A steeper hill for securities class actions

The plaintiff’s securities class action bar takes on substantial risk when they bring a claim seeking leave under Part XXIII.1 of the Ontario Securities Act. Often, all counsel knows is there has been some wrongdoing at a company that has led to a dramatic decline in the price of a share. The diligent counsel reviews the company’s historic public disclosure, wherein the company’s health has been, without fail, viewed through rose-coloured glasses. Once the corrective disclosure occurs, the security’s value tumbles down to earth and investors are left holding the bag.

The putative plaintiff has few means at its disposal to paint a fulsome picture in advance of the motion for leave. Because the test for leave requires a plaintiff to show a “reasonable chance of success,” public disclosure and a general odour of wrongdoing may not provide sufficient evidence for the matter to proceed. Class counsel’s job becomes that much harder when we consider the fact the defendant may cherry-pick whatever evidence it chooses to place in front of the court at this stage.

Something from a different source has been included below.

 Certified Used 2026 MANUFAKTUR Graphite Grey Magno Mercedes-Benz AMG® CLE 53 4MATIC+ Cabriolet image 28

Justice Edward Belobaba’s recent decision in Mask v. Silvercorp Metals Inc. bolsters this limited (or no) discovery principle in advance of leave, and will result in a steeper hill for plaintiffs to climb at the outset of a securities class action.

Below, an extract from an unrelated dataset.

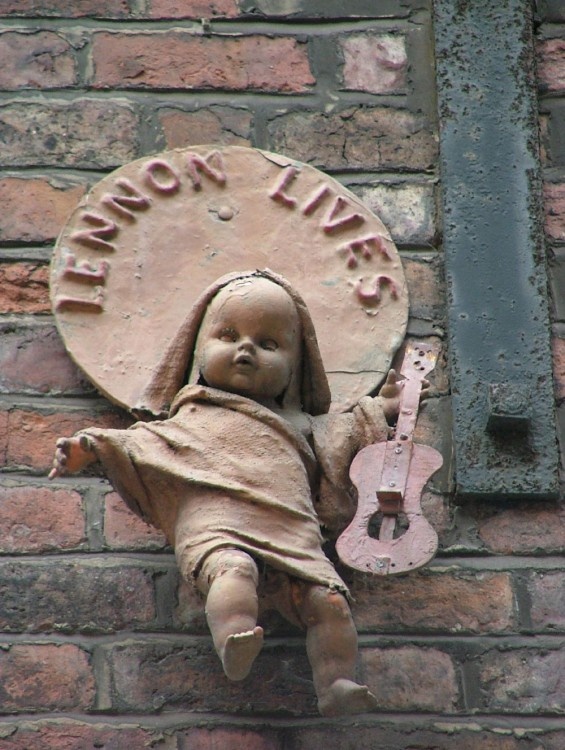 Baby Lennon lives, sculpture, Matthew Street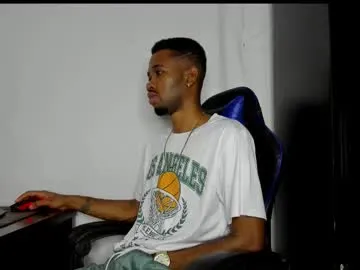 AlisonHale – webcam model profile photo Image 16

In Silvercorp, the plaintiff is a former shareholder of the defendant mining company alleging misrepresentations were made about the mineral resources in the defendants’ mines in China. The defendants filed affidavits opposing the leave motion.

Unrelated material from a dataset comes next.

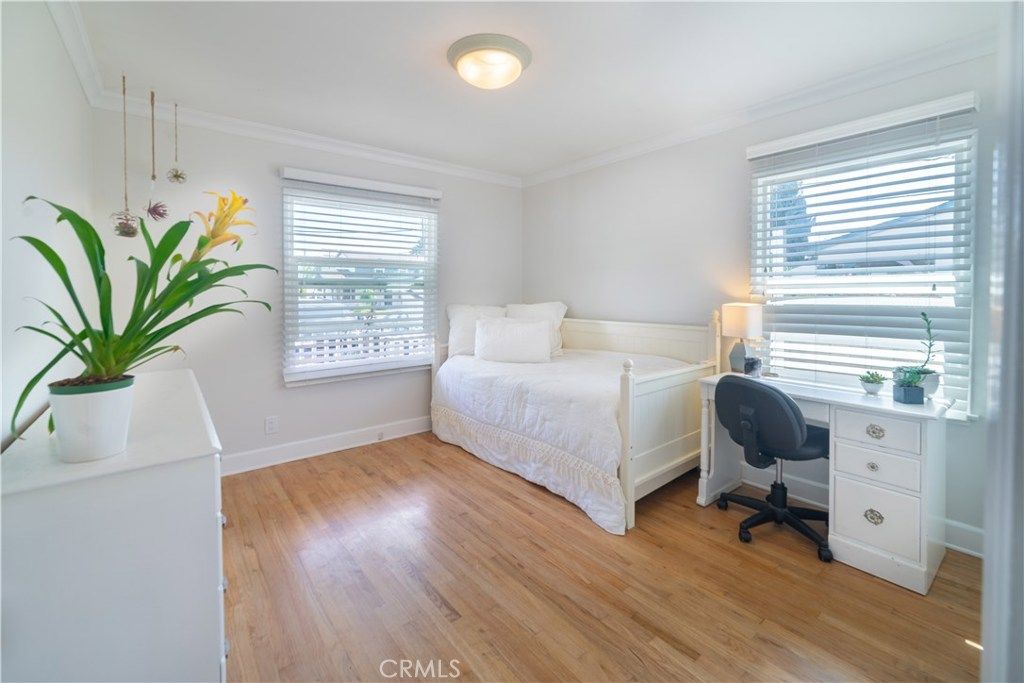 listing image 130720372048702149754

The plaintiff served a request to inspect documents under Rule 30.04(2) of the Rules of Civil Procedure, asking to review hundreds of documents referred to in the defendants’ affidavits before they were to cross-examine. The defendants refused to produce the documents.

Belobaba put the issue the following way: “[C]an a putative plaintiff who is seeking leave under Part XXIII.1 of the OSA use Rule 30.04(2) to obtain a large volume of confidential corporate documents from the defendant before cross-examination and before the leave motion has been decided?”

His response is “no.”

The defendants took the commonly held defendant’s position that the plaintiffs are scrambling to build a case, and as a result are embarking on a fishing expedition.

Belobaba focused on the fact Rule 30.04 only applies to “parties.” Before leave has been granted under Part XXIII.1 of the Securities Act, his honour pointed out that the putative plaintiff is not yet a party. Forcing a defendant to produce documents to a non-party does not accord with the Rule.

In addition, Belobaba held the documents referred to in the defendants’ affidavits were not sufficiently specific to give rise to the obligation to disclose them under the rules. He also held that the requests ran afoul of proportionality, privilege, prejudice, and timeliness.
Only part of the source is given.